Supplied information
※ ※ ※

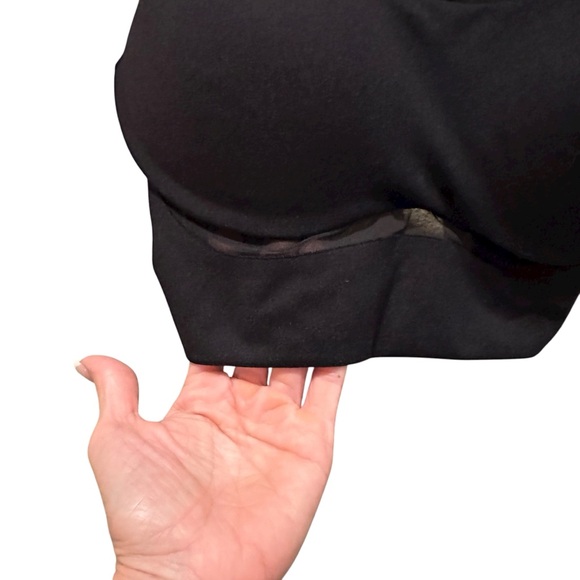 Victoria’s Secret Allegro Support Flow On Point Lined Sport Bra Black Size 34D - Picture 4 of 11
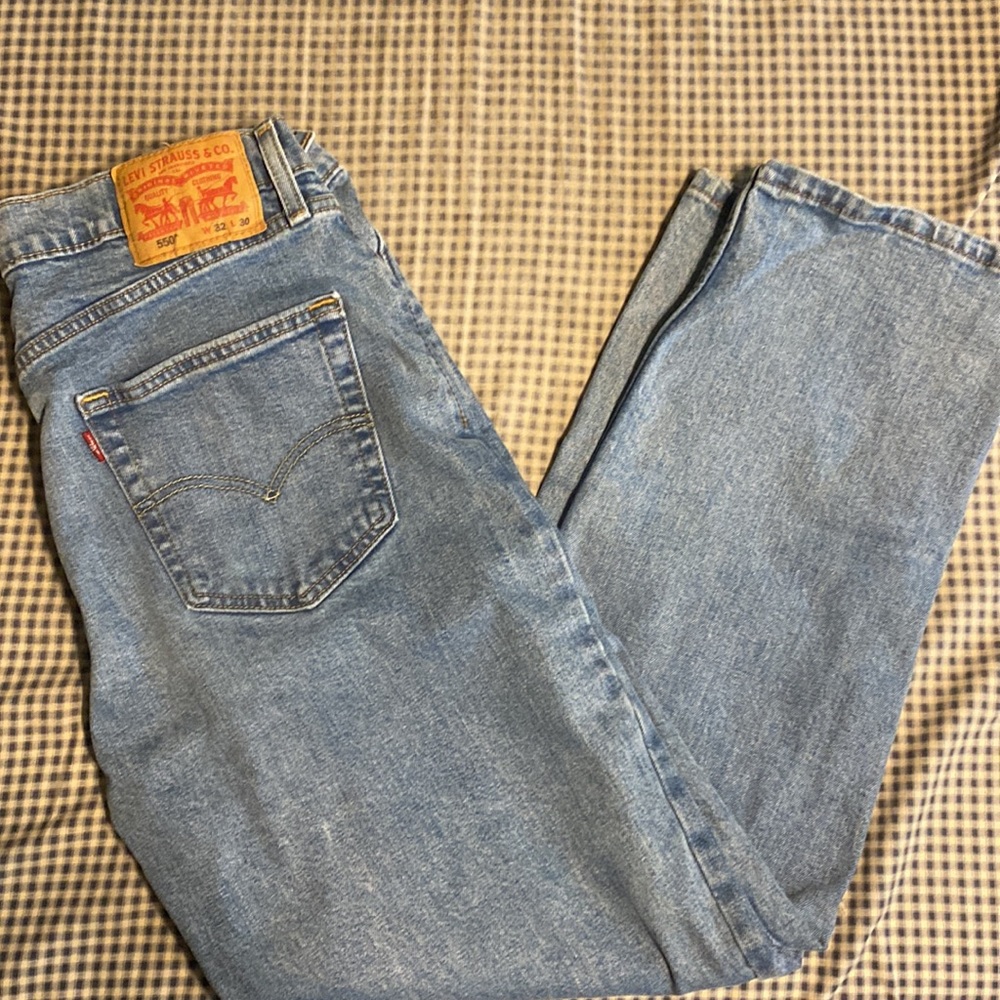 Levi Jeans, barely worn - Picture 3 of 4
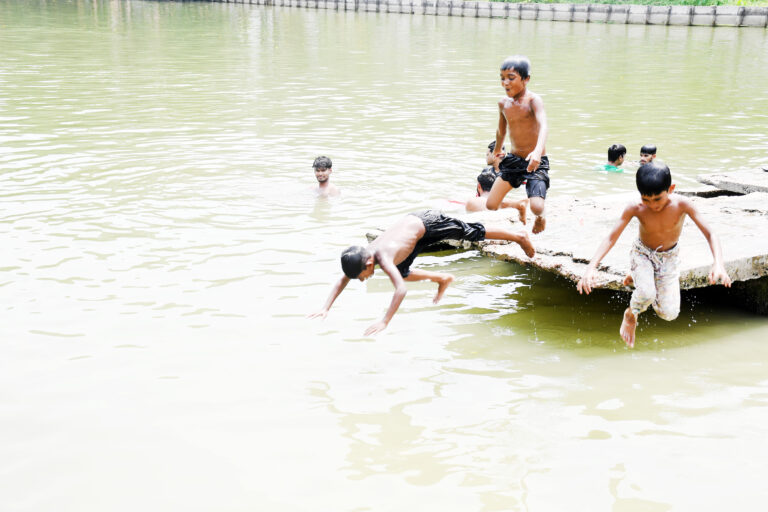 আগুনঝরা রোদে পুড়ছে যশোরাঞ্চল আগুনঝরা রোদে পুড়ছে যশোরাঞ্চল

※ ※ ※

What needs to be done
Every line above should be returned exactly; the pictures stay out.

Exercise response
 Victoria’s Secret Allegro Support Flow On Point Lined Sport Bra Black Size 34D - Picture 4 of 11
 Levi Jeans, barely worn - Picture 3 of 4
 আগুনঝরা রোদে পুড়ছে যশোরাঞ্চল আগুনঝরা রোদে পুড়ছে যশোরাঞ্চল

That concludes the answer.